System Interaction and Architecture

Data Flow

The system operates in discrete time steps within an episode, following the reinforcement learning loop:

Agent Action:
- The agent selects an action based on the current observation.
- The action is normalized and sent to the environment.
Environment Response:
- The environment applies the action to the building simulation.
- Actions are converted from normalized values to native setpoint values using action normalizers.
- The building simulation updates its state based on the action.
Observation Retrieval:
- The environment retrieves observations from the building after the action.
- Observations are normalized and processed, including time and occupancy features.
- Missing or invalid observations are handled using previous data or default values.
Reward Calculation:
- The reward function computes the reward based on productivity, energy cost, and carbon emissions.
- The reward is provided to the agent.
State Update:
- The environment updates internal metrics and logs information.
- Checks if the episode has ended based on the number of steps or time.
- If the episode has ended, the environment resets for the next episode.

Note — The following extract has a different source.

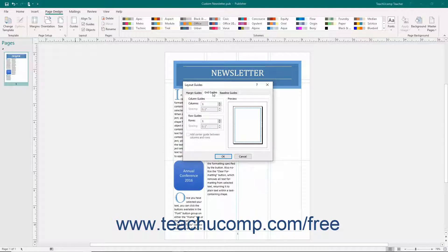Enter the number of columns to appear within the page into the Columns spinner box in the Column Guides section. Enter the desired column spacing to allocate by using the Spacing Spinner buttons in the Column Guides section.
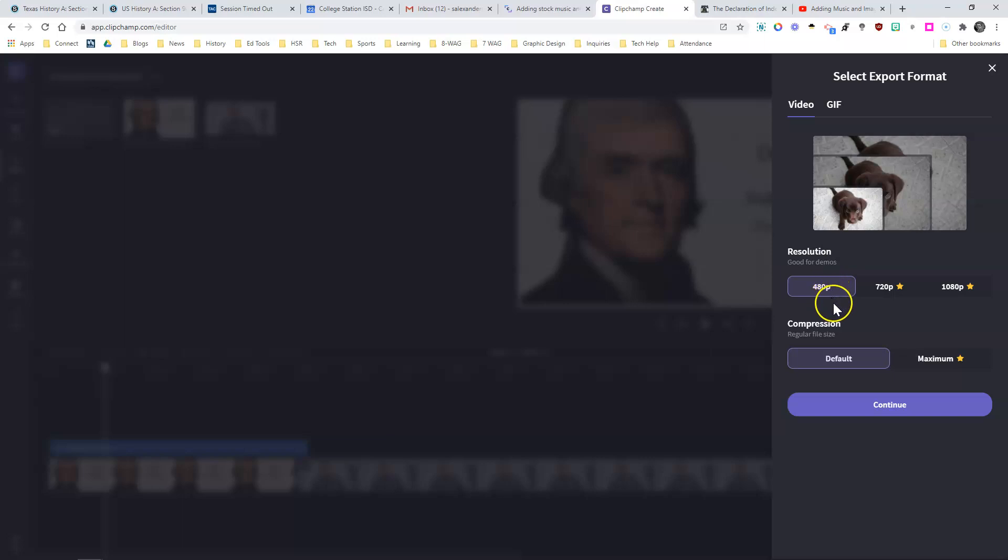You'll notice there are a few options that you have that you can pay for. 480p is not really the highest of quality, but it works pretty good for videos, educational videos, and especially the devices that people are often watching on.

Environment and Building Simulation:
- The Environment interacts with the SimulatorBuilding, which integrates the building simulation (TFSimulator), HVAC systems, weather controller, and occupancy model.
- Actions are applied to the building simulation, and observations are retrieved after each step.
Reward Functions:
- The environment uses the reward function (e.g., SetpointEnergyCarbonRegretFunction) to compute rewards based on the RewardInfo from the building.
- The reward function accesses energy consumption data, occupancy levels, and temperatures to compute productivity and costs.
Energy Cost Models:
- ElectricityEnergyCost and NaturalGasEnergyCost provide cost and carbon emission calculations based on energy usage and time.
- The reward function uses these models to compute energy costs and carbon emissions for the reward.
Normalization and Configuration:
- ActionConfig defines how actions are normalized and mapped to building setpoints.
- Observation normalizers are defined for each measurement to ensure consistent scaling.
- Gin configuration files specify parameters and bindings for all components.